How Talbots Grew—and Lost—Its CustomersBy
It's one of the toughest challenges in retailing: appealing to new, often younger customers without alienating shoppers who have long been loyal fans. When the transition is handled badly, things can go south in a hurry. Ask Talbots, which tried to entice thirtysomethings with cocktail dresses and frilly tank tops and left the pearl-wearing career women who had shopped there for decades feeling jilted.
Talbots on June 7 announced that fiscal first-quarter sales fell 8 percent after sales had already declined in 14 of the past 15 quarters—and second-quarter sales will decline "significantly." Talbots's stock fell a dizzying 41 percent after the news and the company's announcement that discounts to lure back customers will hurt profit margins. The retailer, which is shuttering about 20 percent of its 568 stores, has bled about $763 million in red ink over the past four years as confused shoppers went elsewhere.
"For many years, younger women in their 30s and 40s saw Talbots as their mother's store, and now there is a mix of items," says Jennifer Davis, an analyst at Lazard Capital Markets. "If they want to save themselves, they should make up their minds about who their audience is."
Talbots began selling women's suits, blouses, and dresses to New Yorker readers via mail order just after World War II. Its first stores opened in the suburbs around Boston, ballooning to more than 600 locations by the time Talbots went public in 1993. After the recession hit in 2007 and Talbots customers stopped replenishing their wardrobes, Chief Executive Officer Trudy F. Sullivan opted for radical change. Two years ago she told investors to forget about the brand's stodgy legacy and prepare for an edgier image.
The retailer tried to add to its glamour by hiring actress Julianne Moore to appear in TV commercials showing off embellished handbags and sky-high stilettos to a techno soundtrack. Talbots stores placed bold "statement" jewelry next to strings of classic pearls and metallic blazers beside seasonal appliqued sweaters. Meanwhile, most stores' traditional cherrywood interior and warm carpeting, meant to evoke a residential feel, were left untouched. The effect, Davis says, was jarring. "How is a young woman going to feel trendy when a snowflake sweater is nearby?" she asks.
When St. John Knits International, the high-end knitwear maker, began focusing on younger customers four years ago, it hired Angelina Jolie to model its dresses and sweaters. The ads, which featured the actress at her sultry best, were a big leap for a brand that until then had projected a wholesome image through models that included the founder's daughter. Jolie was dropped in 2010. Today, St. John's spokeswoman is Kate Winslet, whose down-to-earth vibe will resonate more with both twenty-somethings and people in their 50s, says George Sharp, the Irvine (Calif.)-based apparel company's creative director.

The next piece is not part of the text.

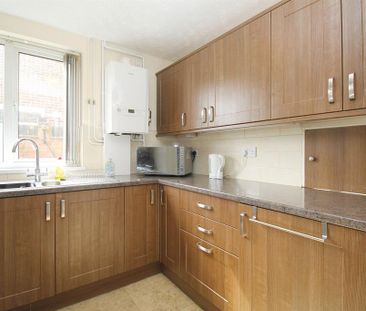 4 bedroom house share to rent - Photo 4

Adrienne Tennant, an analyst at Janney Montgomery Scott, says any retailer courting a new generation of customers must be prepared to "spend lots and lots of capital" to change everything about its stores—even down to the lighting and floor plans—to draw in the desired demographic.
That's what happened at Ann Taylor, where CEO Kay Krill sharpened the retailer's focus as part of a complete overhaul of the company. The goal was to sell clothes to more-affluent women instead of a wider variety of customers. She hired Heidi Klum and Katie Holmes, celebrities known for their fashion sense, as spokeswomen to bring in young mothers. Clothing was redesigned—longer skirts, neutral colors—to appeal to young affluent women. Stores were also remodeled; sleek, all-white walls, flooring, and shelving replaced yellow walls and sale signs that appeared to be handmade. A year later, profits had vaulted 21 percent. "These increases are gratifying, and the stores continue to significantly exceed our expectations," Krill told investors last month.
Lazard Capital's Davis says Talbots may need to decide whether it is targeting mothers in twill or their daughters in animal prints before it can return to profitability. "If a specialty store tries to please everyone," she says, "they alienate everyone."
The bottom line: Talbots stumbled as it expanded its focus to lure younger women. As a result, its stock has lost 90 percent of its value in 10 years.